Demystifying de-duplication

22.02.2007

Another characteristic used to discriminate target de-dupe products is when data de-duplication processing occurs. Data de-duplication takes time to compute and find commonality in the data being backed up. To minimize the effect on backup performance, some vendors de-dupe data in the background. These de-dupe products buffer the backup stream to disk and then after the fact reduce its size via de-duplication. ExaGrid, FalconStor and Quantum provide target de-dupe products that do background data de-duplication.

Other products can handle the backup stream and de-dupe in band, in real time. Target vendors that de-dupe in band include Data Domain and Diligent. All source vendors de-dupe in band as well. Paradoxically, the in-band vendors are able to sustain full backup stream performance.

The unit of de-dupe granularity, called chunk size, further differentiates de-dupe products.
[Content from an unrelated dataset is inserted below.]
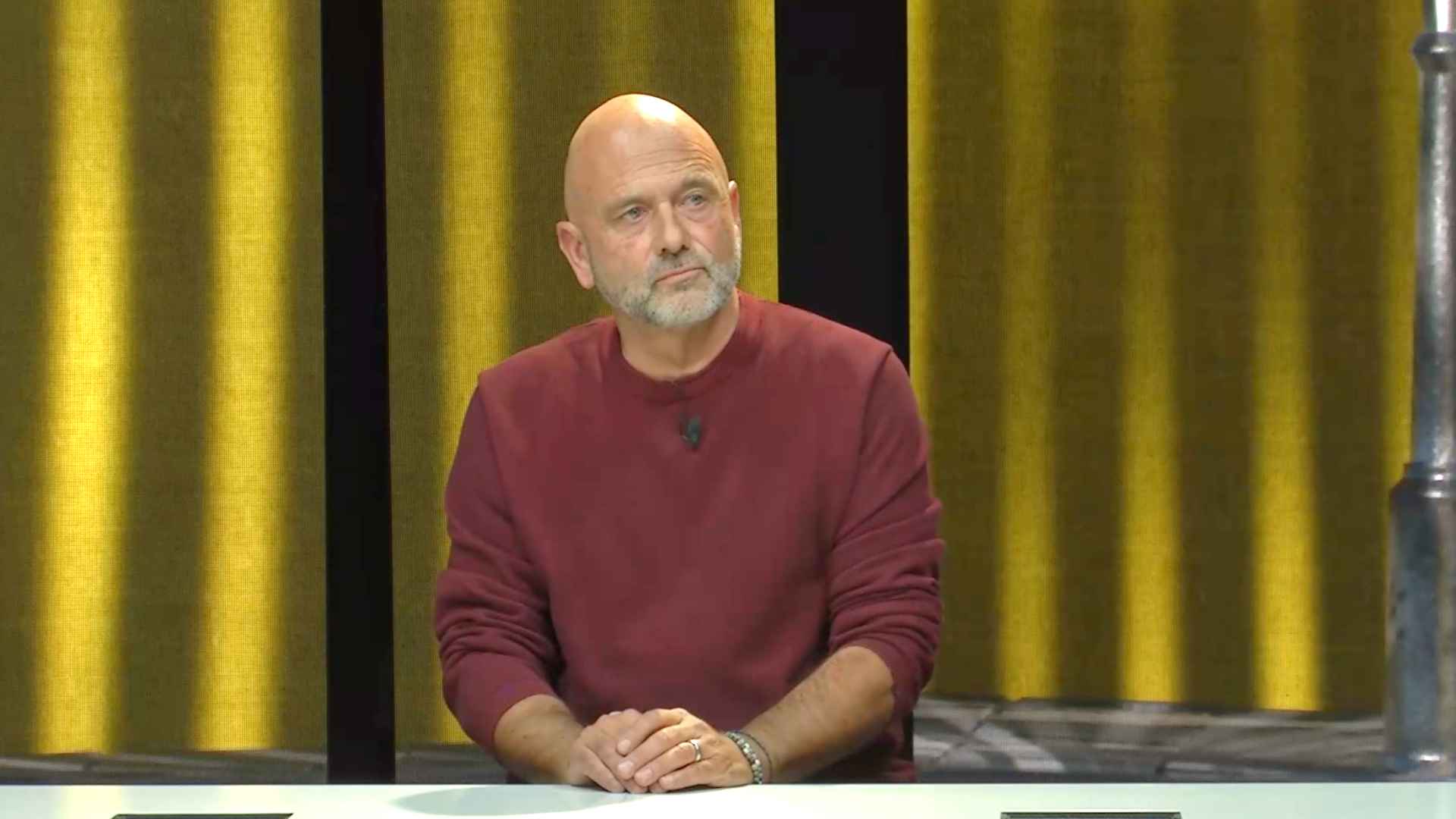 Interview: Pierre-Alain Lozeron - canalalpha.ch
Only NetApp touts a fixed chunk size equal to data block size, according to Schulz. Most de-dupe products claim variable chunk size from the file level down to sub-block level. By using variable chunk size for data inserted into a file, you need only show the changed data as being different, and the rest of the file would be the same. Even more impressively, most de-dupe products can not only reduce data from generations of the same file but also eliminate data copies across files.
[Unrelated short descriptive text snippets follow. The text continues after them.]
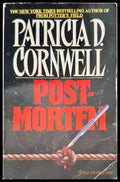Post-mortem - Книги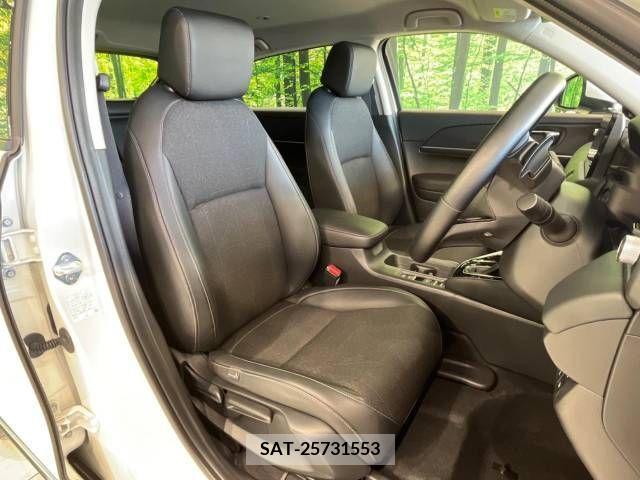 Honda VEZEL 2021-05 234718-9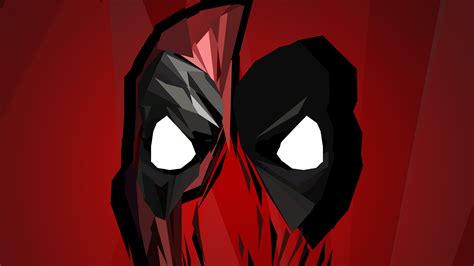 Deadpool 4k Artwork, HD Abstract, 4k Wallpapers, Images, Backgrounds, Photos and Pictures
Yet another de-dupe difference is file-type sensitivity. Some target products open the backup stream to determine data type and invoke file-type-specific policies to provide better de-duplication. Sepaton claims to have the most file-specific policies. Other target vendors claim that their products perform file-specific de-dupe to a lesser extent, including Data Domain, Diligent and Quantum, which all claim they are completely agnostic regarding backup streaming.

The numbers for de-dupe compression rates range anywhere from 3:1 to 500:1. De-dupe products can sustain these high compression rates because backups generate duplicate data every time a full backup is run. Moreover, beneath the file level, most data is not unique even though a file is modified. But, some data does not de-dupe well, including audio, photo, movie and other media files that simply don't have excess white space or duplicate data.